Kreis und quer:Wenn Trennendes verbindet

Die Auseinandersetzung mit fremden Kulturen adelt den Menschen, sie reißt mit und berauscht. Doch was ist, wenn sie heruntersteigt von der Bühne, Teil des Alltags wird. Dann kann es anstrengend werden

Von Irmengard Gnau

Wie schön ist die Kultur. Bietet sie uns doch Momente des Genusses und der Versenkung, des Innehaltens und Zu-sich-Findens, ja im besten Falle gar der tiefen und wahren Erkenntnis. Kultur bringt Edles hervor und sie adelt denjenigen, der sich ihr hingibt, lässt sie uns doch offen werden für die Reize fremder, unbekannter Welten. Wir berauschen uns am Klangfeuerwerk eines Prokofjew und Schostakowitsch, lassen uns im heimischen Konzertsaal davontragen vom Temperament israelischer Virtuosen, anrühren von der Innigkeit persischer Lyrik, mitreißen von der Lebensfreude amerikanischer Jazzsounds und afrikanischer Beats.

Das Fremde ist reizvoll, es lockt zum Studium und gar zur schüchternen Nachahmung, der Sari und die Oud, die arabische Laute, an der Wohnzimmerwand erinnern stolz an abenteuerliche Ausflüge in andere Kulturkreise, an die wir noch gern zurückdenken, während wir über die heimatliche Straße schlendern. Wenn nur dieser Lärm von gegenüber nicht wäre. Ein seltsames Gedudel aus dem Nachbarhaus, nicht laut, aber doch impertinent, beinahe atonal, ein jammernder Singsang in einer unverständlichen Sprache. Ist das Arabisch? Das klang beim traditionellen orientalischen Schleiertanz im Urlaub irgendwie eingängiger. Auch die Essensdüfte, die aus dem Wohnblock gegenüber kommen, wollen unserer Nase nicht recht schmeicheln. Ungewohnt, seltsam, aufdringlich. Was das wohl ist?
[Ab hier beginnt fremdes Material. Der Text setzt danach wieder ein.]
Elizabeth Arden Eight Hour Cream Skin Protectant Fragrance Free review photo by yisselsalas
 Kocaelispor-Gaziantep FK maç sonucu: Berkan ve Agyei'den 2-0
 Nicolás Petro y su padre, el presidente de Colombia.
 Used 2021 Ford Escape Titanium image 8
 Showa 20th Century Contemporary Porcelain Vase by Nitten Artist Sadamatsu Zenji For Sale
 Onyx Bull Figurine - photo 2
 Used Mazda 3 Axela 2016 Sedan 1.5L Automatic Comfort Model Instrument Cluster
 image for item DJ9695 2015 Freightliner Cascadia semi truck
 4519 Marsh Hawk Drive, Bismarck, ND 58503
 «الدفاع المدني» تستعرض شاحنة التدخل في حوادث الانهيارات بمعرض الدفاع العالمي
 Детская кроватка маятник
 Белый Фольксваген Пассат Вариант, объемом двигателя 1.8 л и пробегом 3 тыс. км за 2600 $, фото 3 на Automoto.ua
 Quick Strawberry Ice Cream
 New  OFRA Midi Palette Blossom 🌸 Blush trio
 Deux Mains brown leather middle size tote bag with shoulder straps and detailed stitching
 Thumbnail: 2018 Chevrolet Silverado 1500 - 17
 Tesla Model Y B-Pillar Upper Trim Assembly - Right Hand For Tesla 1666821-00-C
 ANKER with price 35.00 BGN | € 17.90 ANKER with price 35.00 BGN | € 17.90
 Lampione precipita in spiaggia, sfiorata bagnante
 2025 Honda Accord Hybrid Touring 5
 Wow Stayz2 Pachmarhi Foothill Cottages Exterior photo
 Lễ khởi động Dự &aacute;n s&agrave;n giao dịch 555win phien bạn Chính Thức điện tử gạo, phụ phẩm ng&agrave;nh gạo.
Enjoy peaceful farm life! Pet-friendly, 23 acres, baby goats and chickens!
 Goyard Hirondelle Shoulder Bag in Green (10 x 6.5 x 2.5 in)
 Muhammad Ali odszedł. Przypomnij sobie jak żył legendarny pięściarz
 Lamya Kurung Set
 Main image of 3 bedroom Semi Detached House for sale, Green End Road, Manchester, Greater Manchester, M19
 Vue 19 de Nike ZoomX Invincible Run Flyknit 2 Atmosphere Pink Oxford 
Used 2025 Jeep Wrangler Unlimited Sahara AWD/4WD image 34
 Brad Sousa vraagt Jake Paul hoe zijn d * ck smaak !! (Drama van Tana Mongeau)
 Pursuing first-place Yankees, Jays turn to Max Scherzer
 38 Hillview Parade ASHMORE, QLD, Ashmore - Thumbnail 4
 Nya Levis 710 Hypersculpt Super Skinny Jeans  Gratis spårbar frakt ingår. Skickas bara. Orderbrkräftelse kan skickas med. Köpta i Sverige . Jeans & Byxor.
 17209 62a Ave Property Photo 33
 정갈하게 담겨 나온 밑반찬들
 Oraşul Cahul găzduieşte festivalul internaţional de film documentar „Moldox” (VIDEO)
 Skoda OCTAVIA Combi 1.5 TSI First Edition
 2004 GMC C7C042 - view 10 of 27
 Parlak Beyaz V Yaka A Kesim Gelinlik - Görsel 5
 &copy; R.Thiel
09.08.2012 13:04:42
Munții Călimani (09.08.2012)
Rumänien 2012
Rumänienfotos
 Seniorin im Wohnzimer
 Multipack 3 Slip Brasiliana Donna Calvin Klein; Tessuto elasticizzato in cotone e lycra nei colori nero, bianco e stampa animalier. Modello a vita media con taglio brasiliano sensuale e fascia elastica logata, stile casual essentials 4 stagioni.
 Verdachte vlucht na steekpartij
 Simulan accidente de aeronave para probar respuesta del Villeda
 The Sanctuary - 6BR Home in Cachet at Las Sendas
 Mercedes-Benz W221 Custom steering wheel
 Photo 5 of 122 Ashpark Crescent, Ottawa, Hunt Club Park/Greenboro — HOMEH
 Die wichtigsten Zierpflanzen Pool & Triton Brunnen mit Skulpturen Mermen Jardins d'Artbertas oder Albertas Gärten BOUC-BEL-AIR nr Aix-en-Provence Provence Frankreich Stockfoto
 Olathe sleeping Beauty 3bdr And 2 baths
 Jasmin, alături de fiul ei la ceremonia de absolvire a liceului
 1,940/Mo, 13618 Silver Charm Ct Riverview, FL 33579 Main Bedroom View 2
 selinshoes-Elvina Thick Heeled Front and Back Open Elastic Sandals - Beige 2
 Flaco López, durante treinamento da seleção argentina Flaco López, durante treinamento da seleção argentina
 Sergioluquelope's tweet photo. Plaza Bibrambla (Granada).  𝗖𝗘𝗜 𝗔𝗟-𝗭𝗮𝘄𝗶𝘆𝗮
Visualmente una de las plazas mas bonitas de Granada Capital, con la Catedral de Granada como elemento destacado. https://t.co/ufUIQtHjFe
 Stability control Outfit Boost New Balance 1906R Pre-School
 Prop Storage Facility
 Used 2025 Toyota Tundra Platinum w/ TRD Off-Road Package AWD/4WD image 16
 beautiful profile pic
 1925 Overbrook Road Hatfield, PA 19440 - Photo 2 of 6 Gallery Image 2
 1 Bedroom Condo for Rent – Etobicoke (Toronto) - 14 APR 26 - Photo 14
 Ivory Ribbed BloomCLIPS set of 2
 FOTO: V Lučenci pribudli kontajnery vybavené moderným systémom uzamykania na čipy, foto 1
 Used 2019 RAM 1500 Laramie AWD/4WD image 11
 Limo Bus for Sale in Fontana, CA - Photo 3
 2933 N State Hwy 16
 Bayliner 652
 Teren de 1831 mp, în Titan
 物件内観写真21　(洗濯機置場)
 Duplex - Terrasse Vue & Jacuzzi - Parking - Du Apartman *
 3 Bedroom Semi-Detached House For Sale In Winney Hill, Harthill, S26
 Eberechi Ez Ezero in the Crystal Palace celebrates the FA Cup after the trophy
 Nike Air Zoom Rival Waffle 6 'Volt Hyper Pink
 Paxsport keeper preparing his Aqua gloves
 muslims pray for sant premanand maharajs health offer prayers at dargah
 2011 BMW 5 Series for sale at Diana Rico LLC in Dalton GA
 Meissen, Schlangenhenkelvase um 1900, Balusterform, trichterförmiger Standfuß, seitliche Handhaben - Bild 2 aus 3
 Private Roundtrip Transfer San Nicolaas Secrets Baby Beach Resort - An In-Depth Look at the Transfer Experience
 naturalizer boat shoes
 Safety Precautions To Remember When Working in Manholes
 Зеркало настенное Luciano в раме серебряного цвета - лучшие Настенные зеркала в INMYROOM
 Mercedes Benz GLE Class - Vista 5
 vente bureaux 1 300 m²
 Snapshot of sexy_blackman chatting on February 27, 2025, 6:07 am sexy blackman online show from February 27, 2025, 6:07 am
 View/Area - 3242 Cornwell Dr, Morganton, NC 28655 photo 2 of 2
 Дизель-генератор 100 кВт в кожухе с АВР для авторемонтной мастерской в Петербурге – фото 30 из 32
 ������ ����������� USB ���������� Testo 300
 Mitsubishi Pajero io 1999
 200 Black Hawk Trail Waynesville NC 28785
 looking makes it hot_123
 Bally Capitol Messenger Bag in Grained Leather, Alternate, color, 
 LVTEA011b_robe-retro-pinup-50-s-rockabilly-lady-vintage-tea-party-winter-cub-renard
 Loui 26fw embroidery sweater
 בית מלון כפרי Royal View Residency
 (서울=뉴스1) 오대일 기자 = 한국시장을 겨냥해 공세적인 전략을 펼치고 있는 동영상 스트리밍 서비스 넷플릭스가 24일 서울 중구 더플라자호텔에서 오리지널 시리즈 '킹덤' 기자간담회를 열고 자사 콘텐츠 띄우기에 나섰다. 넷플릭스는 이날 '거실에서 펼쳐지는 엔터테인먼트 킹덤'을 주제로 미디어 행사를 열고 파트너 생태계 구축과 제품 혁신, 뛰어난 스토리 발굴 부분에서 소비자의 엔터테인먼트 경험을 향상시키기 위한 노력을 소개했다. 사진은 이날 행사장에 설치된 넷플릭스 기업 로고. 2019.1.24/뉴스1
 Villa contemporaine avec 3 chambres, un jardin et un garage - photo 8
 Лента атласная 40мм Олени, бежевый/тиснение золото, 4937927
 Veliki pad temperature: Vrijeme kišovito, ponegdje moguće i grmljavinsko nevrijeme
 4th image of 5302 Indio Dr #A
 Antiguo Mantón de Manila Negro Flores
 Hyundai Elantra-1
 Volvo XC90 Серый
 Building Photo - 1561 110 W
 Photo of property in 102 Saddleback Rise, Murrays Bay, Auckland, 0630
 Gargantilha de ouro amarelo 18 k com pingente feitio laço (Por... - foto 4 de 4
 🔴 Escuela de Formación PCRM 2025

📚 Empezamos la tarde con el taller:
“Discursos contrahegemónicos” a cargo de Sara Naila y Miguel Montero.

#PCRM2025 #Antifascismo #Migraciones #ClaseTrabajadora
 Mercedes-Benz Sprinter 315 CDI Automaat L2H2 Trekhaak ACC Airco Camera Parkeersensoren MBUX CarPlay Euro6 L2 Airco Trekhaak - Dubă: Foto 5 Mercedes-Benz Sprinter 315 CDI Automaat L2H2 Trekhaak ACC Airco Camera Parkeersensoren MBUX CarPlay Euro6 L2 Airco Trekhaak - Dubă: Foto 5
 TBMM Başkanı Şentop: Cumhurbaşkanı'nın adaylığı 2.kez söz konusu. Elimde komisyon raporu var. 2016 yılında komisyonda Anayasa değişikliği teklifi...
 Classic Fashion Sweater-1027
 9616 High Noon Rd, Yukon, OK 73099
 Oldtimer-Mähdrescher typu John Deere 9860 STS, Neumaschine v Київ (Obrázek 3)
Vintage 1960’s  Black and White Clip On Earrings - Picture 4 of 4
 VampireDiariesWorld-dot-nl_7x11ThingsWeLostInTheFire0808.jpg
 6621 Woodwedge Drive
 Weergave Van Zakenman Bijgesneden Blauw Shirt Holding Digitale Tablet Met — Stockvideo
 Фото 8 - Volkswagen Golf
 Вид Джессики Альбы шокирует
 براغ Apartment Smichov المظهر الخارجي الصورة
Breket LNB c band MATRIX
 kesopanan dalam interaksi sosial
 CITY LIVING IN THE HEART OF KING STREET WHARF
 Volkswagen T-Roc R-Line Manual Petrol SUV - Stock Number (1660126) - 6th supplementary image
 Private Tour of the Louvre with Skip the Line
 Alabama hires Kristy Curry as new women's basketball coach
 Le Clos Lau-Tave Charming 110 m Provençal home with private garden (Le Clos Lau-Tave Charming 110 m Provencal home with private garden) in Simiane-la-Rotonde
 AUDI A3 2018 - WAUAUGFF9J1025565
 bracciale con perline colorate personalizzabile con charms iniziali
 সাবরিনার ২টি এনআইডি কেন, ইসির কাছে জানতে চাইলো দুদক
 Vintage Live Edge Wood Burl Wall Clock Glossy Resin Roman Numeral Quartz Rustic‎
Wenn sie plötzlich nahe kommt, die fremde Kultur, heruntersteigt von der Bühne in den Alltag, ist sie nicht immer angenehm. Kultur hat viele Seiten, sie prägt nicht nur Melodien, sondern eben auch Umgangsformen. Was aus der Distanz exotisch ist und interessant, kann aus der Nähe vor allem ungewohnt sein; Unbekanntes kann stören, Misstrauen hervorrufen, auch mal Angst machen. Wenn so viele verschiedene Traditionen, Sprachen, Töne, Umgangsformen zusammentreffen wie in diesen Monaten, und das binnen kurzer Zeit und unter erschwerten Umständen, ist das vielleicht normal. Doch die Prägung, die uns abgrenzt, weil sie kulturelle Räume absteckt, Rollen und Zusammenleben definiert und oft unbewusste Muster schafft, kann auch eine Chance sein, Brücken zu bauen. Im Großen wie im Kleinen. Bei gemeinsamen Konzerten, wie jüngst in Neubiberg, beim Austausch von Liedgut, bei Kochabenden mit unbekannten neuen Nachbarn.

Kultur lässt Probleme nicht verschwinden, sie ebnet Unterschiede nicht ein - im Gegenteil. Wo riesige Differenzen in grundsätzlichen Ansichten klaffen, nimmt sie auch nicht die schwierige Auseinandersetzung damit ab. Aber Kultur bietet Anknüpfungspunkte dafür, sich kennenzulernen, Unterschiede aktiv zu Gesprächsthemen zu machen. Und damit vielleicht Interesse zu wecken am Unbekannten, nicht nur aus der Ferne.